Segundo uma fonte da equipe econômica, há defensores até mesmo do uso das reservas internacionais e de dinheiro público nessas operações. Alguns "balões de ensaio" nesse sentido já foram lançados, mas a adoção dessas medidas é muito improvável.
A meta é evitar que essas grandes companhias – a maioria delas envolvida na Operação Lava-Jato, que apura denúncias de corrupção na Petrobras – fiquem inadimplentes.
Risco bancário
A consequência seria uma "minicrise bancária", como definiu um integrante do governo ao se referir ao risco de insolvência de instituições financeiras de médio porte.
– Na hora em que uma empresa desse tamanho ficar inadimplente ou entrar em recuperação judicial, pode procurar a lista de credores e ver os bancos médios. Com certeza terão sérios problemas – afirmou.
Segundo ele, os cinco maiores bancos, que concentram 70% dos ativos do setor, não correm risco de quebrar. Mas enfrentariam problemas, porque precisariam "baixar" em seus balanços entre 50% e 70% dessas dívidas. Isso num momento em que não há folga de capital.
O Banco Central detectou aumento no volume de renegociações e de reestruturações de crédito ao longo do ano passado, principalmente a partir do segundo semestre. As operações se concentram mais nas empresas. Empréstimos pessoais são mais difíceis de serem renegociados.
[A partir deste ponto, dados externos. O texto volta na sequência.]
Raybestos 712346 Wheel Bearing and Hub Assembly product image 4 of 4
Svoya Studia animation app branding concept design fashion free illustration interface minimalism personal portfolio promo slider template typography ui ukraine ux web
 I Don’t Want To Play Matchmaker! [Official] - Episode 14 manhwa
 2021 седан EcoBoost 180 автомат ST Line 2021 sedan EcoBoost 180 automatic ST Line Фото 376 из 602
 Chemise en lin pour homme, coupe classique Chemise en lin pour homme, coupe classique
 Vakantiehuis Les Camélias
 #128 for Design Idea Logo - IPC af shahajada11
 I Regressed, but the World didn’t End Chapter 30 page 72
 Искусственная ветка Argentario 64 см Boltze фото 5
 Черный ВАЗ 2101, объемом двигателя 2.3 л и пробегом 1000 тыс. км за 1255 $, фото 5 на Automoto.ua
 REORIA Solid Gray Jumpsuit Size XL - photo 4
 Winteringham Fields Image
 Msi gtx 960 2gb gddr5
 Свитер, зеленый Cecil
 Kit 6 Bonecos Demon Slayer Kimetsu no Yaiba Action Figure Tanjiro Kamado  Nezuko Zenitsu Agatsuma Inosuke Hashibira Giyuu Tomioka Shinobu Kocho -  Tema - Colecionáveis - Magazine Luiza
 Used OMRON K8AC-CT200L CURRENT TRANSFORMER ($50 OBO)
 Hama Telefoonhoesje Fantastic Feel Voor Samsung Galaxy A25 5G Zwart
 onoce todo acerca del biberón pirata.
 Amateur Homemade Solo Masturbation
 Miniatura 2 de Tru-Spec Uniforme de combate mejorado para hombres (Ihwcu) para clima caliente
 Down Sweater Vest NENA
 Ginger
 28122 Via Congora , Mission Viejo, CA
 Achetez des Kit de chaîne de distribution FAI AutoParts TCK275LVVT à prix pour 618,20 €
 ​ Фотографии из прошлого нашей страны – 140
Nessas operações, os bancos dão mais prazo para pagamento e chegam a reduzir as taxas fixadas nos empréstimos. Mas essa "personalização" é mais comum quando envolve grandes cifras. Financiamentos baixos, tomados por pequenas e médias empresas, seguem um padrão negociado na agência bancária. Por isso, a inadimplência vai bater primeiro e mais forte entre as pequenas. Preocupado com as consequências, o governo estuda medidas para tentar socorrer também esse segmento empresarial.
Mesmo nos financiamentos concedidos a grandes grupos empresariais, tais parâmetros de renegociação não são admitidos usualmente. Mas este é um momento que beira a exceção por conta da gravidade da crise econômica. Por isso, as instituições têm aceitado reduzir as margens de rentabilidade na recuperação do crédito para tentar compensar a redução na capacidade de pagamento dos tomadores.
Reestruturações
As reestruturações são um passo mais adiante, para casos mais críticos. Nessa etapa, os tomadores já contabilizam operações em atraso. O objetivo nesse tipo de acordo é a recuperação do principal do financiamento.
O volume de empréstimos em renegociação por famílias e empresas com os bancos fechou o ano passado em R$ 245 bilhões, 7,6% de toda a carteira de crédito. Em reestruturação, estavam R$ 61 bilhões, o equivalente a 1,9% do estoque de financiamentos e empréstimos.
Os bancos já começaram a aumentar as provisões (registros, de prováveis perdas) para fazer frente aos calotes, além do que a regulação exige.
– A inadimplência vem primeiro. A provisão é a consequência da inadimplência – diz o diretor de um grande banco.
Levantamento da consultoria Austin Asis mostra que as oito maiores instituições financeiras separaram R$ 157 bilhões – R$ 25 bilhões a mais do que eram obrigadas – para eventuais perdas.
– A preocupação nesse momento é evitar que uma quebradeira resulte em aumento ainda mais nocivo de provisões, o que pode afetar o capital dos bancos – diz Luis Miguel Santacreu, da Austin Asis.